Given the impact of IUGR on the development of MetS, there is a need to understand these conditions, review different parameters affected in IUGR models, and give an overview on current studied therapies.

2. Characteristics and causes of intrauterine growth restriction

IUGR is characterized as symmetrical when the weight, length, and head circumference are low compared with the standard; and asymmetrical when the brain is spared, and the head circumference is within the normal limits (11). Chromosomal syndromes (trisomy 21, 13, and 18), congenital infections (toxoplasma, other viruses, rubella, cytomegalovirus, Herpes simplex infections), dwarfisms, maternal drug use (both prescription and illegal), and some inborn metabolic errors (fatty acid oxidation disorders) can all cause symmetrical IUGR. Asymmetrical causes of IUGR are typically associated with placental insufficiency, placental dysfunction, or nutrient deficiency (12, 13).

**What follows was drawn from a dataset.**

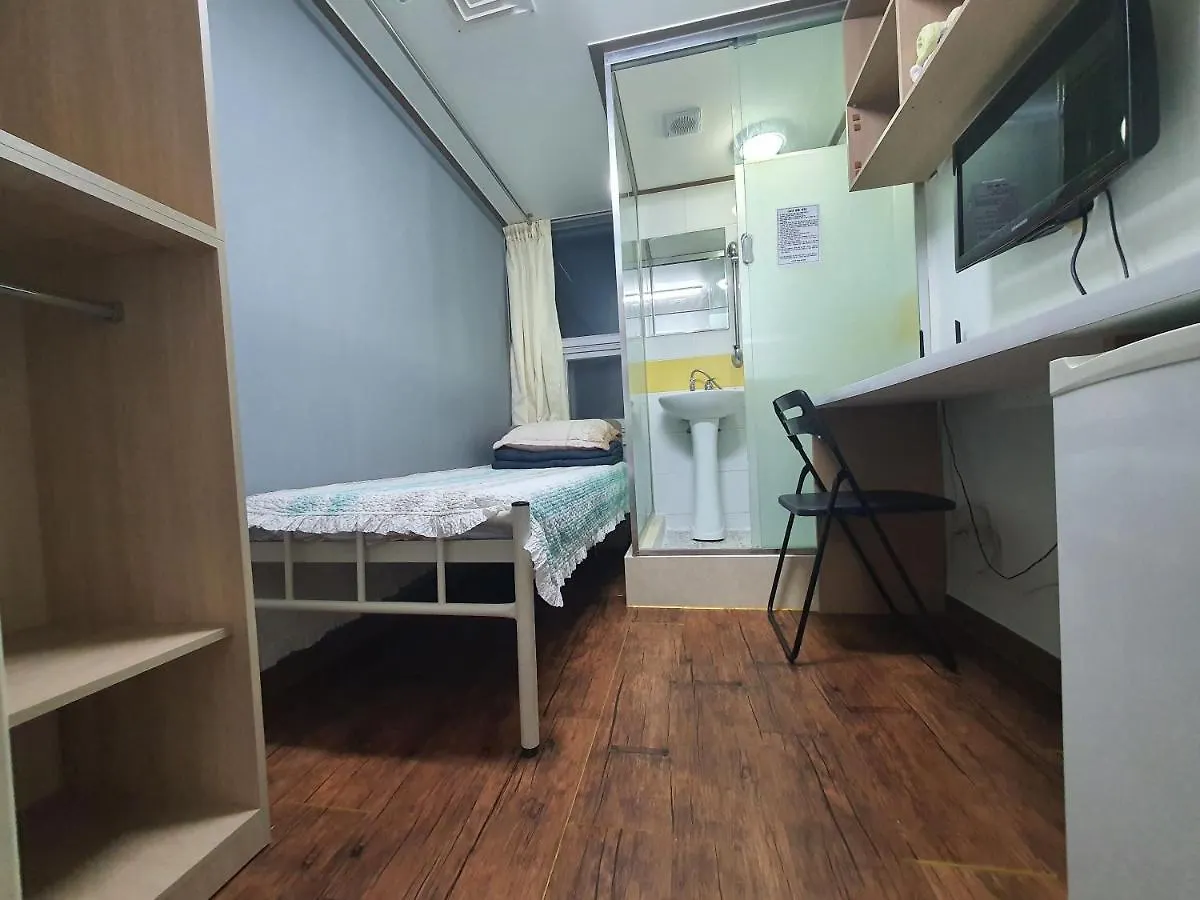 Apgujeong Home Seoul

About 13% of children born with IUGR do not “catch up” with normal growth, i.e., do not reach body height greater than −2 z-score (below the third centile) during the first two to four years after birth (14). Many studies have demonstrated a clear correlation between deficient in utero environment leading to IUGR and the occurrence of cardiometabolic disease in adulthood (15, 16). Poor gestational nutrition and low pre-pregnancy weight are the strongest predictors of IUGR, according to data from developing countries. While in developed countries, cigarette smoking is the most important single factor implicated in IUGR, followed by poor gestational nutrition (17).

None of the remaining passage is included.